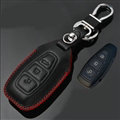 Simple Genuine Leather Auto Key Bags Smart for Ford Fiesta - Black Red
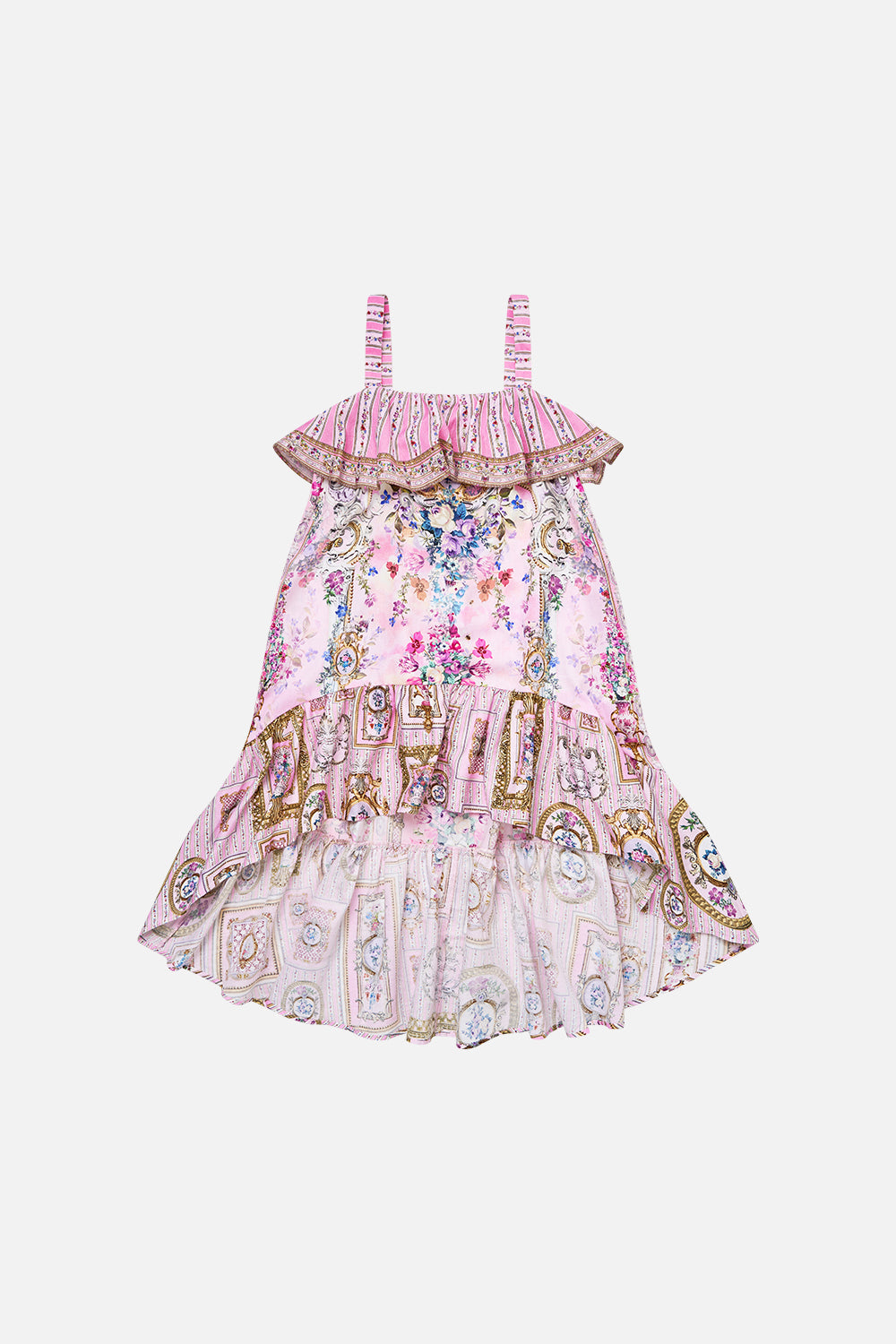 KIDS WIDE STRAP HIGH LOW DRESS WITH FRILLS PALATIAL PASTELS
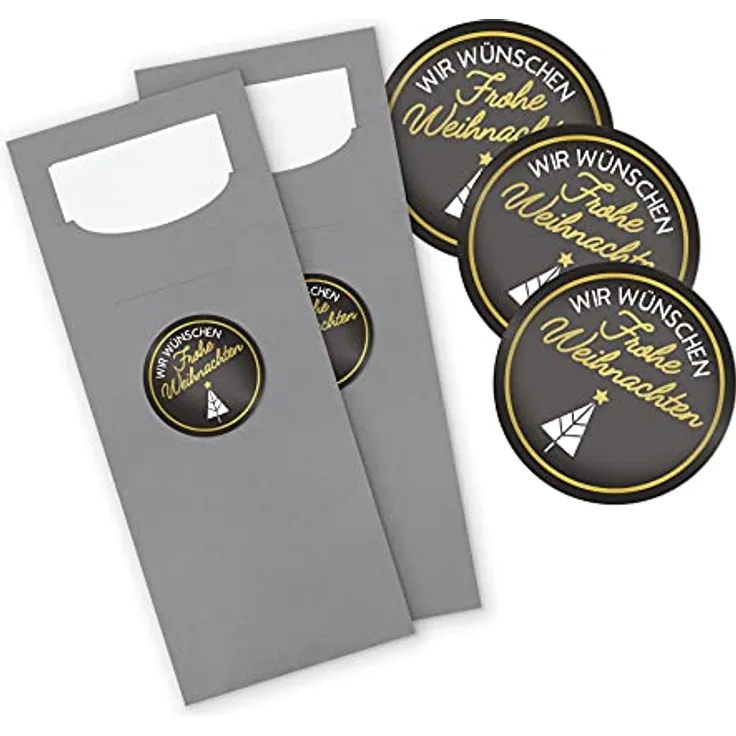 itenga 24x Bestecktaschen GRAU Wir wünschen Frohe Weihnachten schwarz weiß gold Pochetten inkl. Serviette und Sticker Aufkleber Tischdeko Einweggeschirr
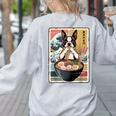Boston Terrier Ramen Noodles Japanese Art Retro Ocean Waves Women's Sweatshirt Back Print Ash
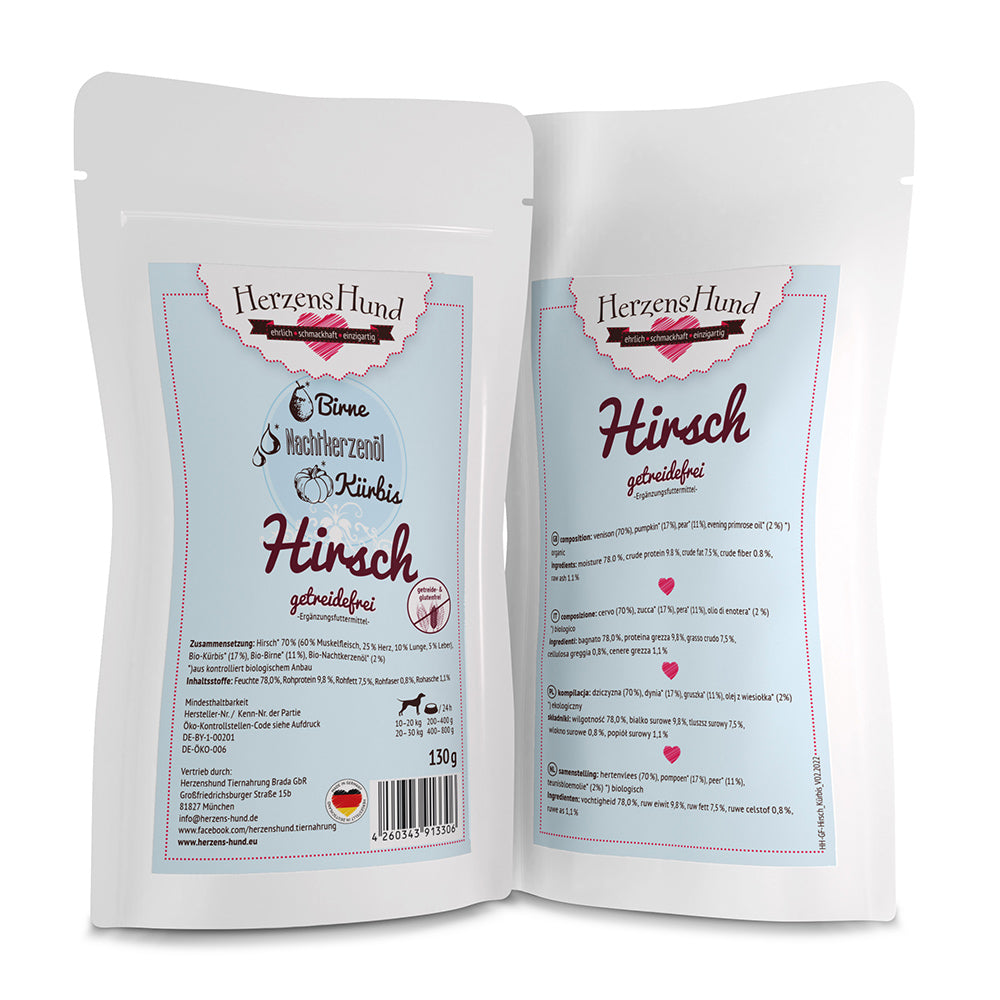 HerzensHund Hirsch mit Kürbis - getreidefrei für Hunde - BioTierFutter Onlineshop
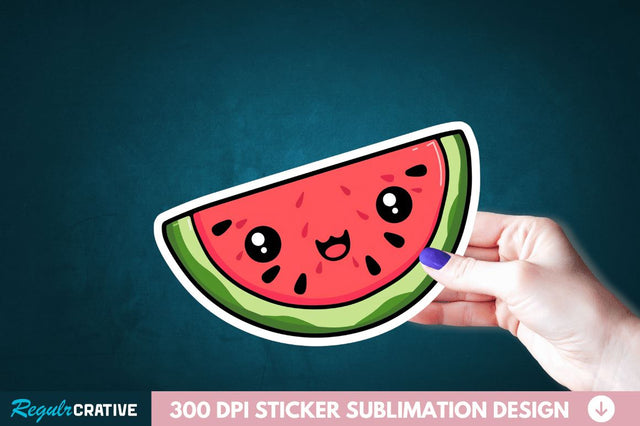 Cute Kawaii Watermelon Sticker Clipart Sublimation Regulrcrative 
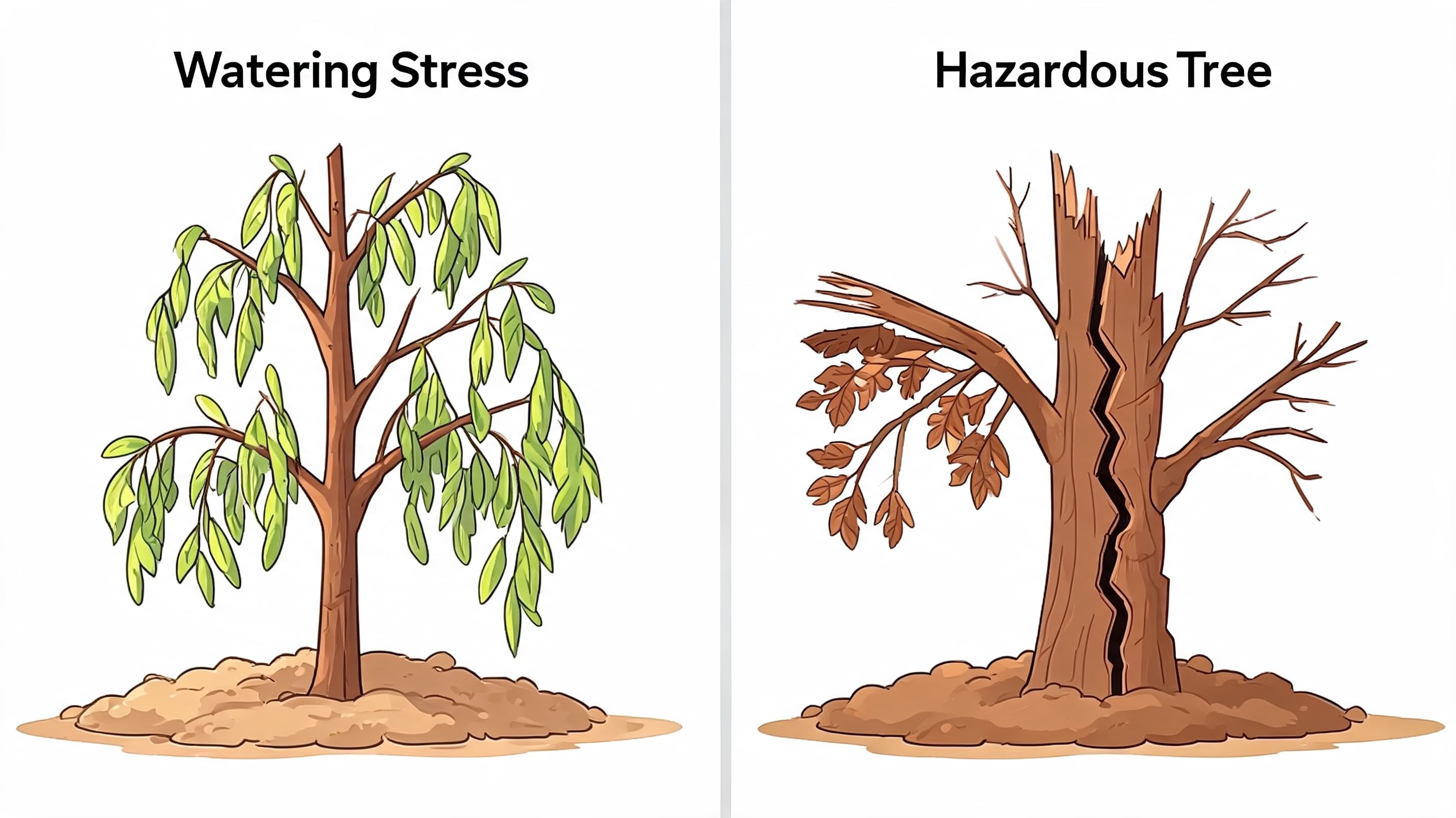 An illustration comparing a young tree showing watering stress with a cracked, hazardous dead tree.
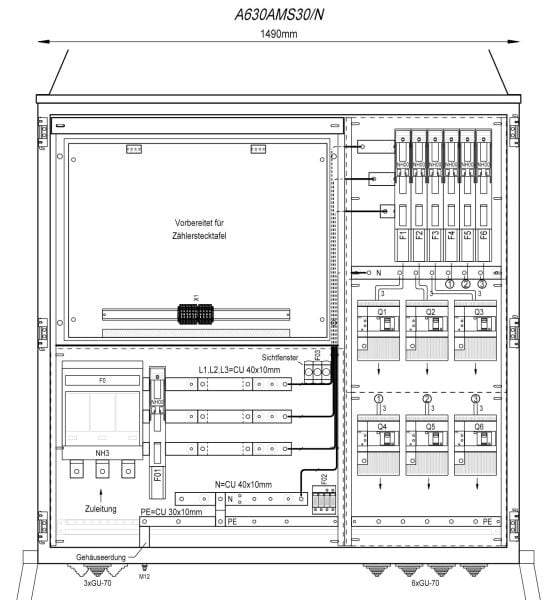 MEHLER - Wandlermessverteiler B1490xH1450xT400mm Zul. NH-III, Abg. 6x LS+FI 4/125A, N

====

Repeat each of the records exactly as written, except for the pictures, which are to be left out.

* **Your response**:
 Simple Genuine Leather Auto Key Bags Smart for Ford Fiesta - Black Red
 KIDS WIDE STRAP HIGH LOW DRESS WITH FRILLS PALATIAL PASTELS
 itenga 24x Bestecktaschen GRAU Wir wünschen Frohe Weihnachten schwarz weiß gold Pochetten inkl. Serviette und Sticker Aufkleber Tischdeko Einweggeschirr
Boston Terrier Ramen Noodles Japanese Art Retro Ocean Waves Women's Sweatshirt Back Print Ash
 HerzensHund Hirsch mit Kürbis - getreidefrei für Hunde - BioTierFutter Onlineshop
 Cute Kawaii Watermelon Sticker Clipart Sublimation Regulrcrative 
 An illustration comparing a young tree showing watering stress with a cracked, hazardous dead tree.
 MEHLER - Wandlermessverteiler B1490xH1450xT400mm Zul. NH-III, Abg. 6x LS+FI 4/125A, N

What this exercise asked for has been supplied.